#### Entries supplied:
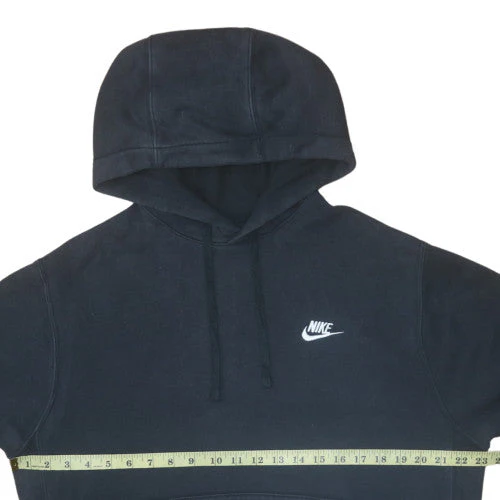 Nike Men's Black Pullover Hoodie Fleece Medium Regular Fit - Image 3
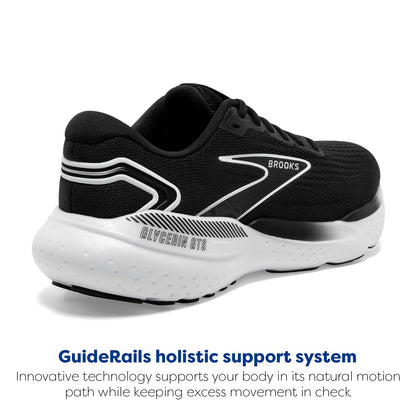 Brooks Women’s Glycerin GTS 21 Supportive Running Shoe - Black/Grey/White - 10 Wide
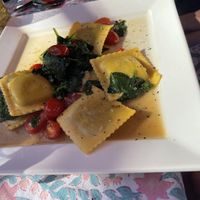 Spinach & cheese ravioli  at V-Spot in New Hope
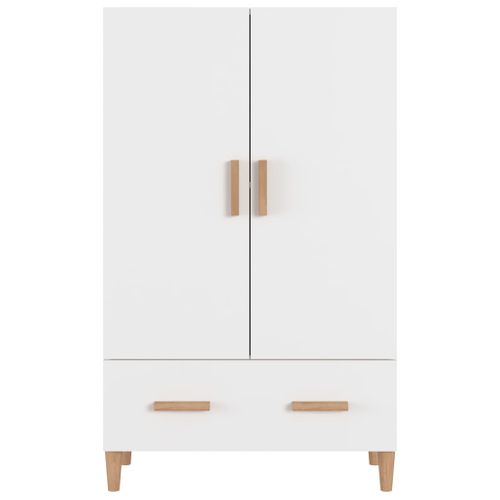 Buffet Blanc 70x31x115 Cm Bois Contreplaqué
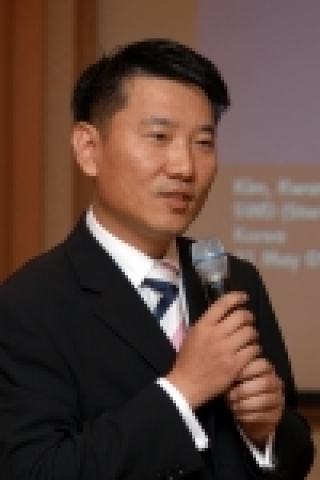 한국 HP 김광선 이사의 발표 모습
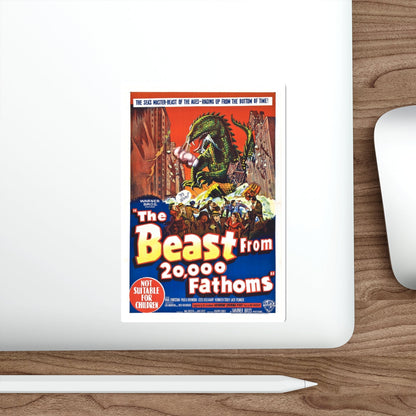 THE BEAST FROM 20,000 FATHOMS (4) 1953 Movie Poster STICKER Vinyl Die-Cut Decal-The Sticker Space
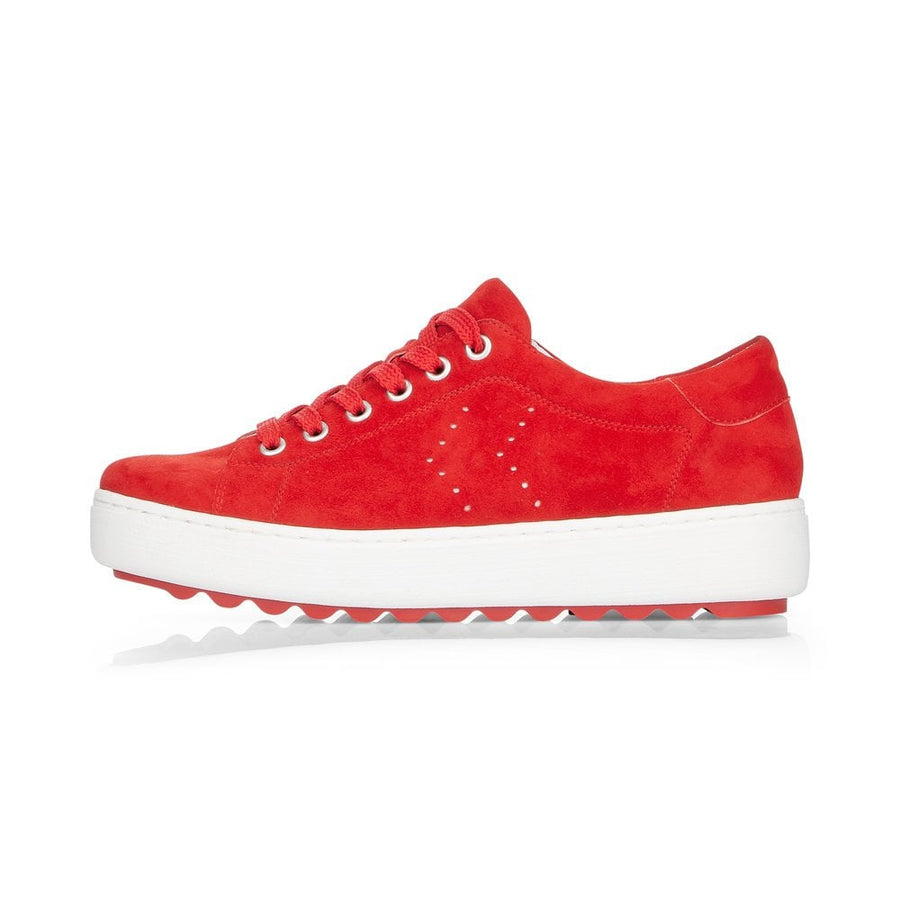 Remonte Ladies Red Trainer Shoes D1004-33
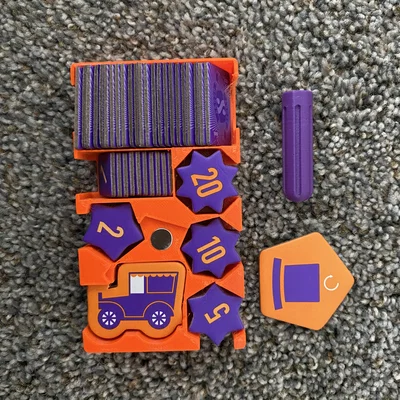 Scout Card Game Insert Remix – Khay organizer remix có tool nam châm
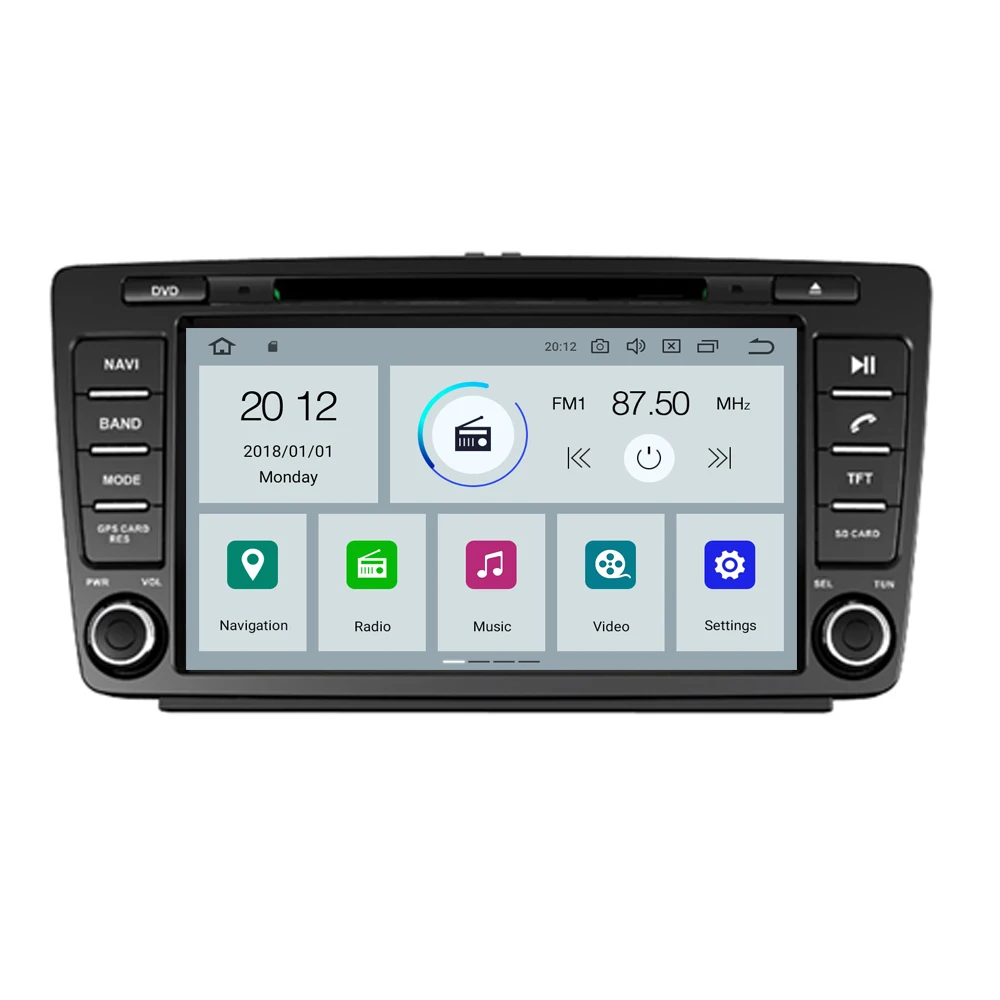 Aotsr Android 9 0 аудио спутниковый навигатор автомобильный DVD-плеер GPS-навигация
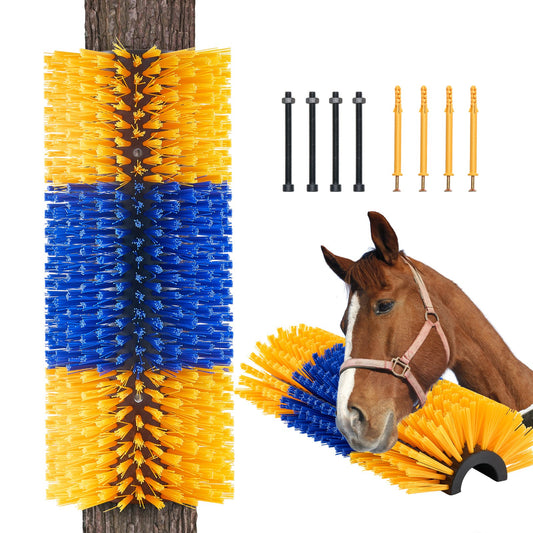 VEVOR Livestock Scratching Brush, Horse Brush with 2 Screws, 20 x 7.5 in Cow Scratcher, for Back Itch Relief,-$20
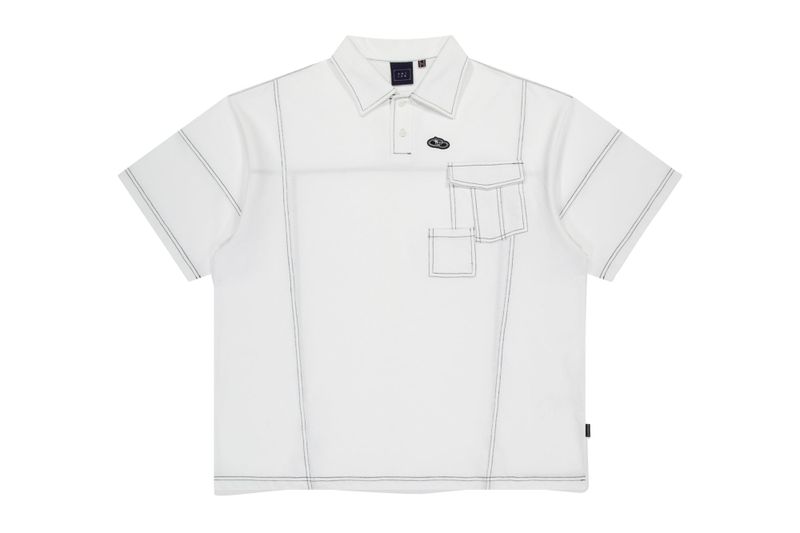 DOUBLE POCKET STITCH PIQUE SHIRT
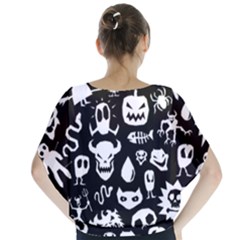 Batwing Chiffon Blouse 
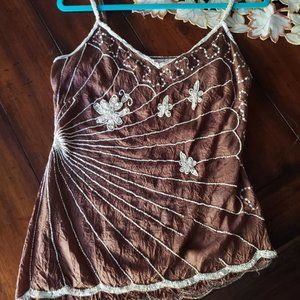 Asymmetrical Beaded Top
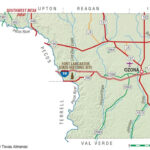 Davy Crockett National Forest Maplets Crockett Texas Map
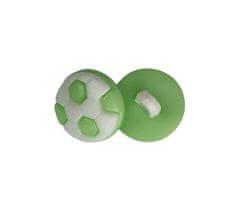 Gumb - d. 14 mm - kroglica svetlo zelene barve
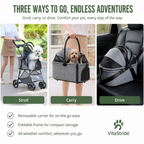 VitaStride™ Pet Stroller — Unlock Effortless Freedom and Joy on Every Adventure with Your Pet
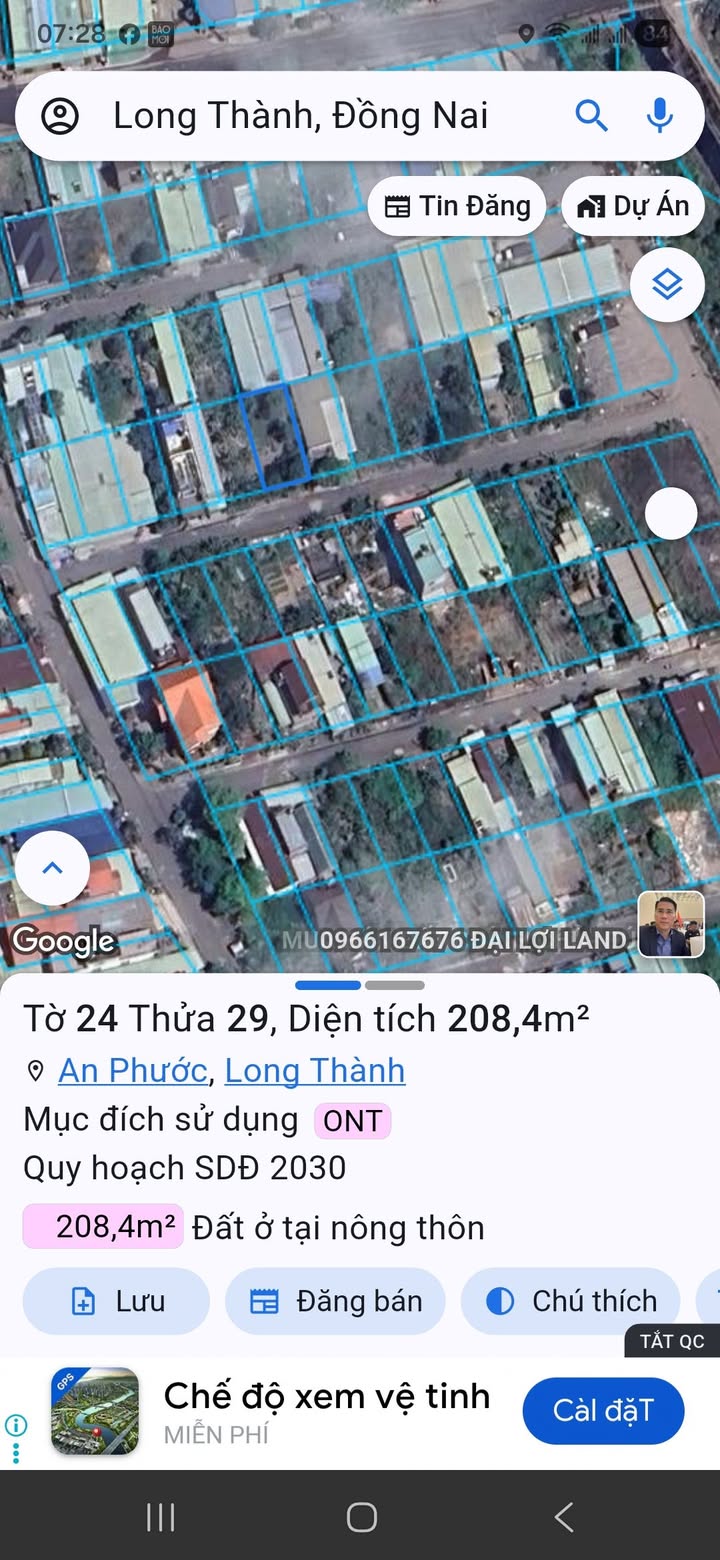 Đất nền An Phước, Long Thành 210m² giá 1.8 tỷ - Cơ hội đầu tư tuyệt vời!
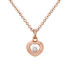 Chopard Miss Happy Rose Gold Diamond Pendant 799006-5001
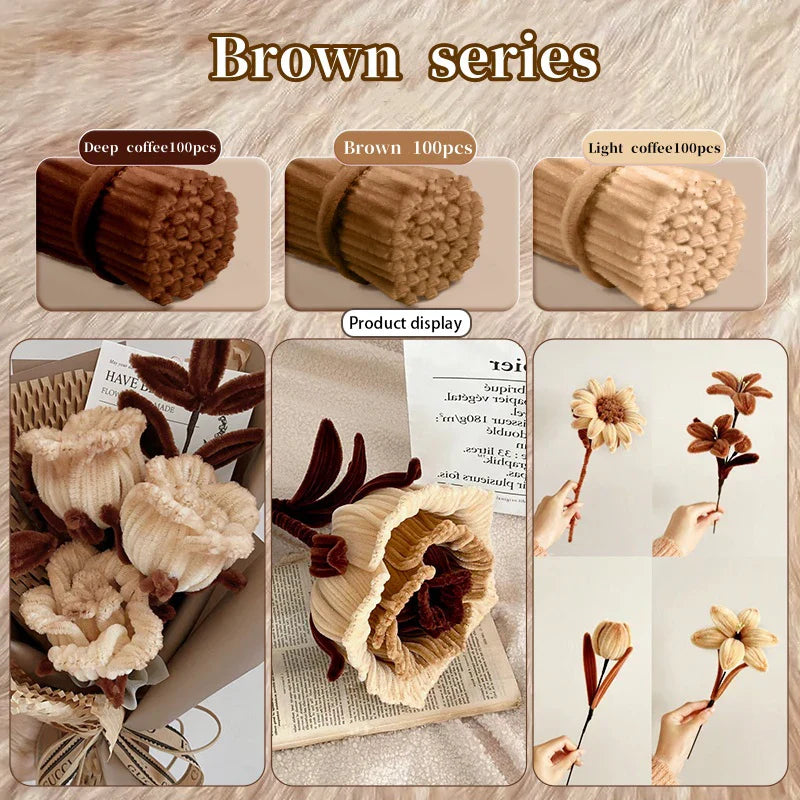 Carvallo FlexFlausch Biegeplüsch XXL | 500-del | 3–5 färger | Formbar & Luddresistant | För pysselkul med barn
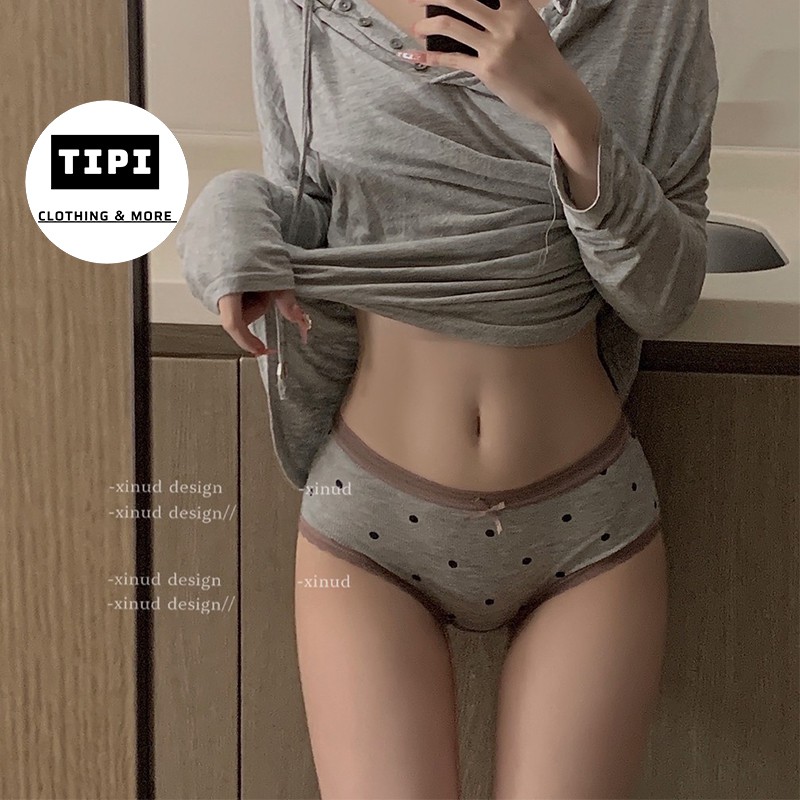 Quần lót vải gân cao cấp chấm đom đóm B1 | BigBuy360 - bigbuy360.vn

#### Aim of the exercise:
Copy out every line above without change, dropping the pictures.

#### Finished exercise:
 Nike Men's Black Pullover Hoodie Fleece Medium Regular Fit - Image 3
 Brooks Women’s Glycerin GTS 21 Supportive Running Shoe - Black/Grey/White - 10 Wide
 Spinach & cheese ravioli  at V-Spot in New Hope
 Buffet Blanc 70x31x115 Cm Bois Contreplaqué
 한국 HP 김광선 이사의 발표 모습
 THE BEAST FROM 20,000 FATHOMS (4) 1953 Movie Poster STICKER Vinyl Die-Cut Decal-The Sticker Space
 Remonte Ladies Red Trainer Shoes D1004-33
 Scout Card Game Insert Remix – Khay organizer remix có tool nam châm
 Aotsr Android 9 0 аудио спутниковый навигатор автомобильный DVD-плеер GPS-навигация
 VEVOR Livestock Scratching Brush, Horse Brush with 2 Screws, 20 x 7.5 in Cow Scratcher, for Back Itch Relief,-$20
 DOUBLE POCKET STITCH PIQUE SHIRT
 Batwing Chiffon Blouse 
 Asymmetrical Beaded Top
 Davy Crockett National Forest Maplets Crockett Texas Map
 Gumb - d. 14 mm - kroglica svetlo zelene barve
 VitaStride™ Pet Stroller — Unlock Effortless Freedom and Joy on Every Adventure with Your Pet
 Đất nền An Phước, Long Thành 210m² giá 1.8 tỷ - Cơ hội đầu tư tuyệt vời!
 Chopard Miss Happy Rose Gold Diamond Pendant 799006-5001
 Carvallo FlexFlausch Biegeplüsch XXL | 500-del | 3–5 färger | Formbar & Luddresistant | För pysselkul med barn
 Quần lót vải gân cao cấp chấm đom đóm B1 | BigBuy360 - bigbuy360.vn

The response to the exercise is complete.